Task to complete: An exact copy of every entry below is required, and no picture may appear in it.

Provided material:
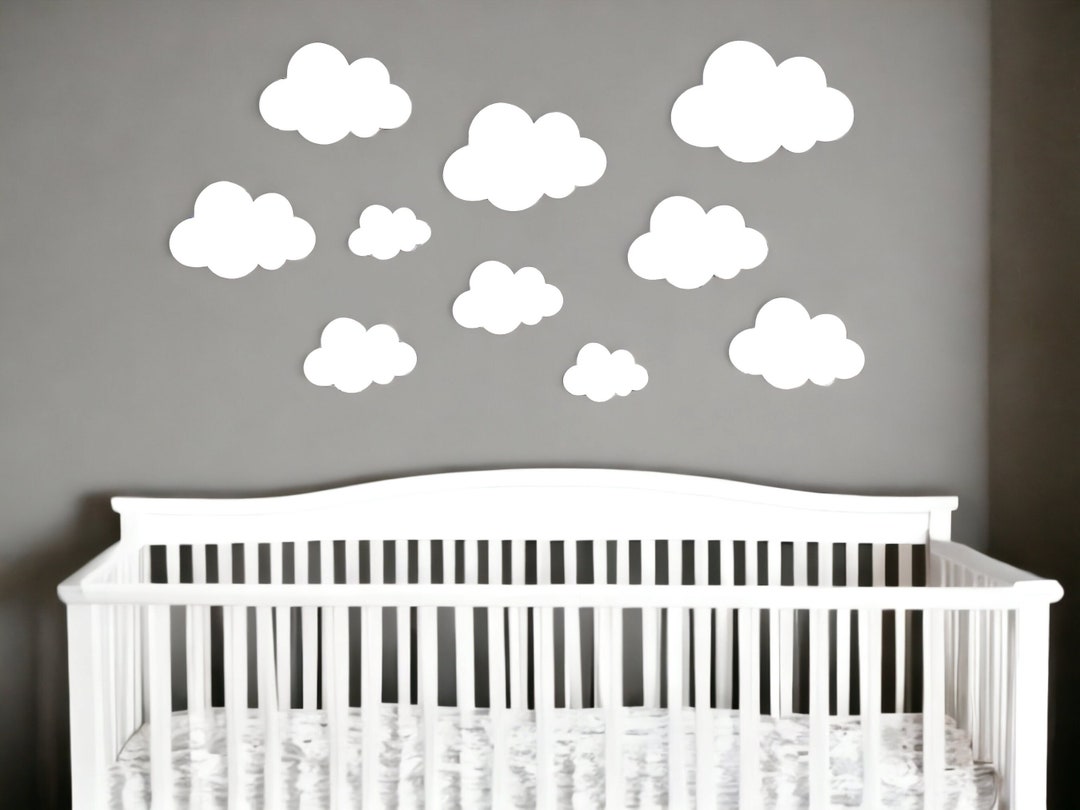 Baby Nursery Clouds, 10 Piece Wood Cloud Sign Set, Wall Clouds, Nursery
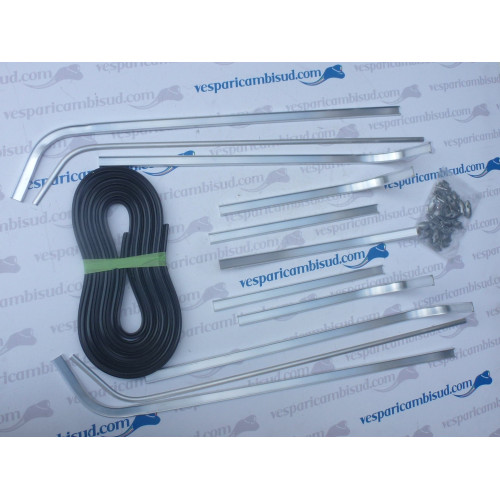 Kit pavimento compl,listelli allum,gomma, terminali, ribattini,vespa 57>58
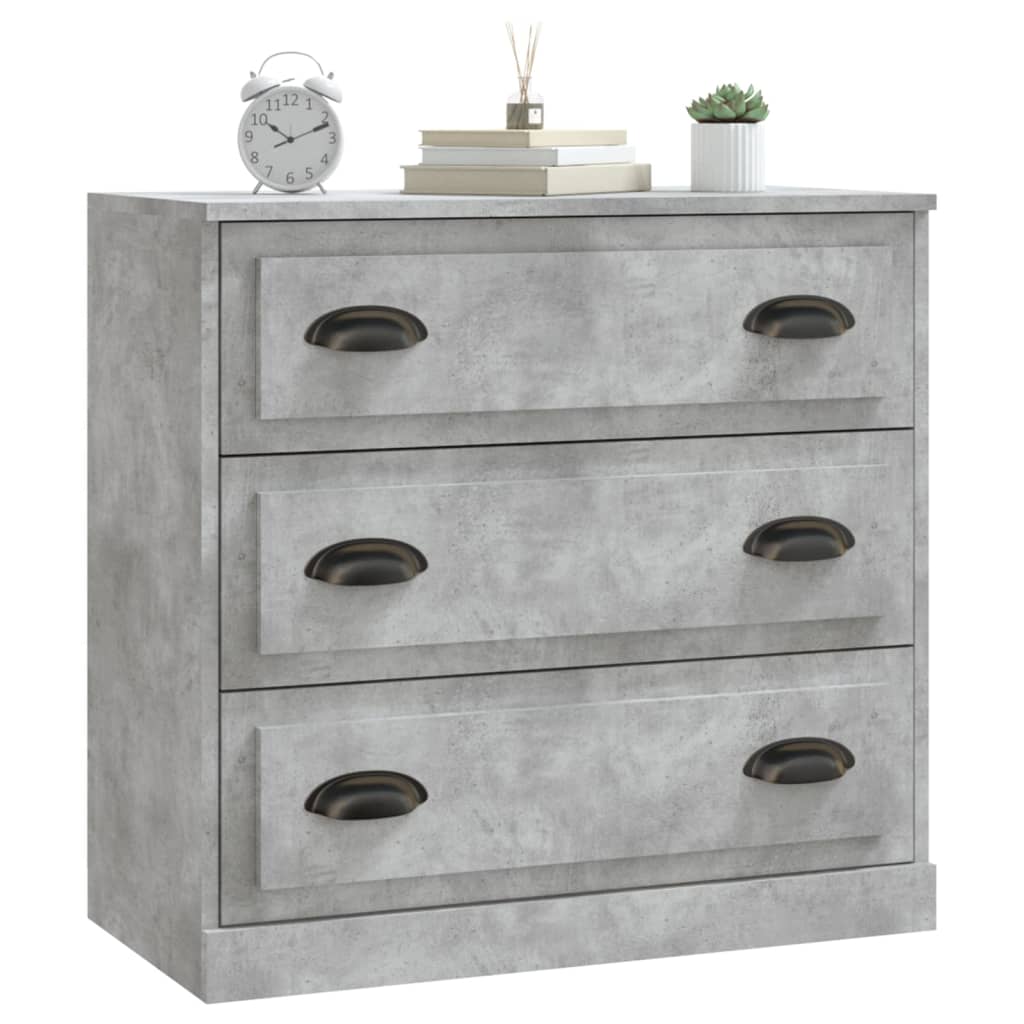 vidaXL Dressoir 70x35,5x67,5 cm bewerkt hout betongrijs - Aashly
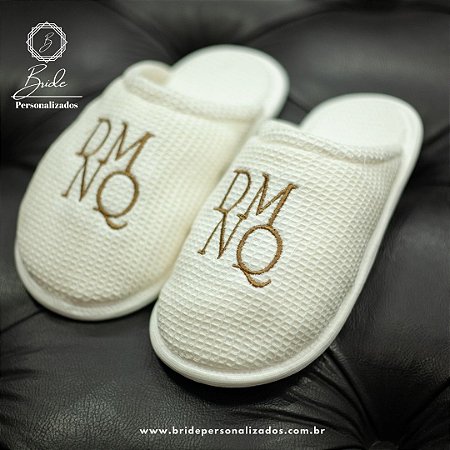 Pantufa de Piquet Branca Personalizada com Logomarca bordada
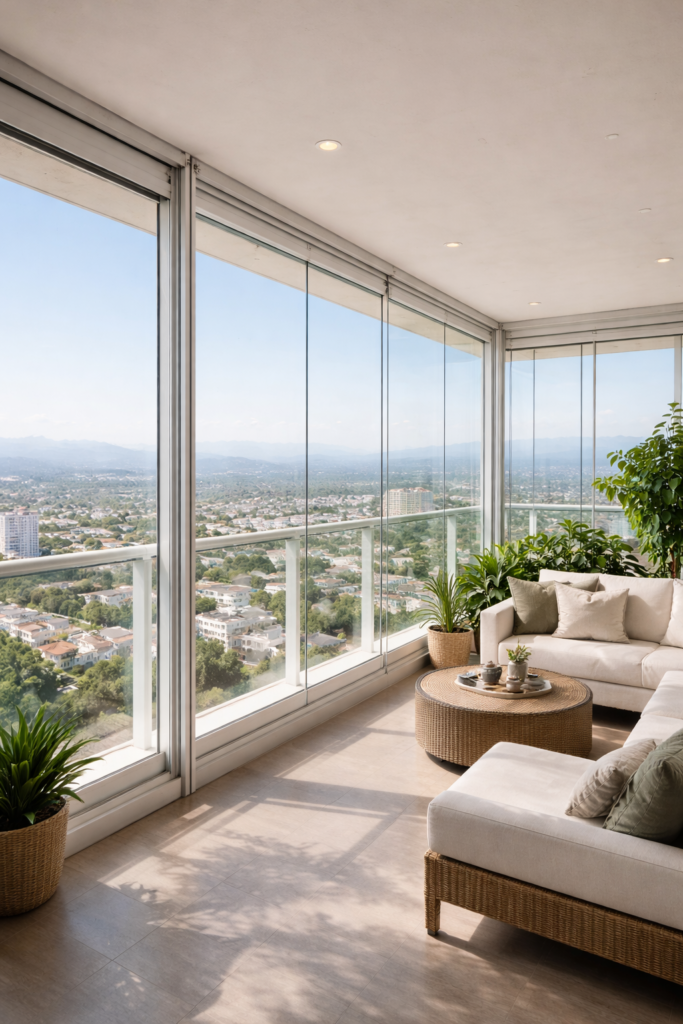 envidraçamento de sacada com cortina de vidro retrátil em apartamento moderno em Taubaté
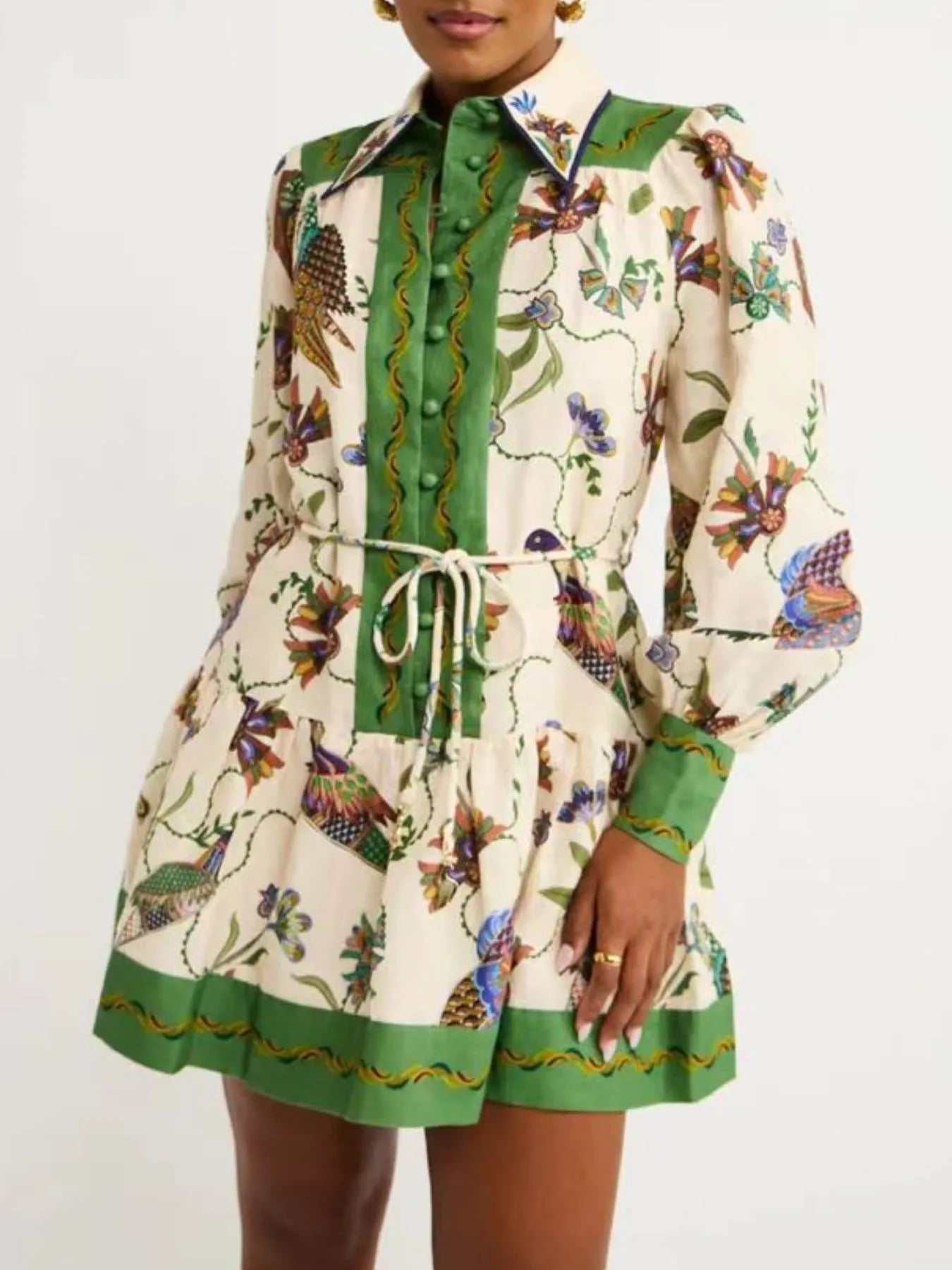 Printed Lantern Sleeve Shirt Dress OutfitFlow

Response to the task:
 Baby Nursery Clouds, 10 Piece Wood Cloud Sign Set, Wall Clouds, Nursery
 Kit pavimento compl,listelli allum,gomma, terminali, ribattini,vespa 57>58
 vidaXL Dressoir 70x35,5x67,5 cm bewerkt hout betongrijs - Aashly
 Pantufa de Piquet Branca Personalizada com Logomarca bordada
 envidraçamento de sacada com cortina de vidro retrátil em apartamento moderno em Taubaté
 Printed Lantern Sleeve Shirt Dress OutfitFlow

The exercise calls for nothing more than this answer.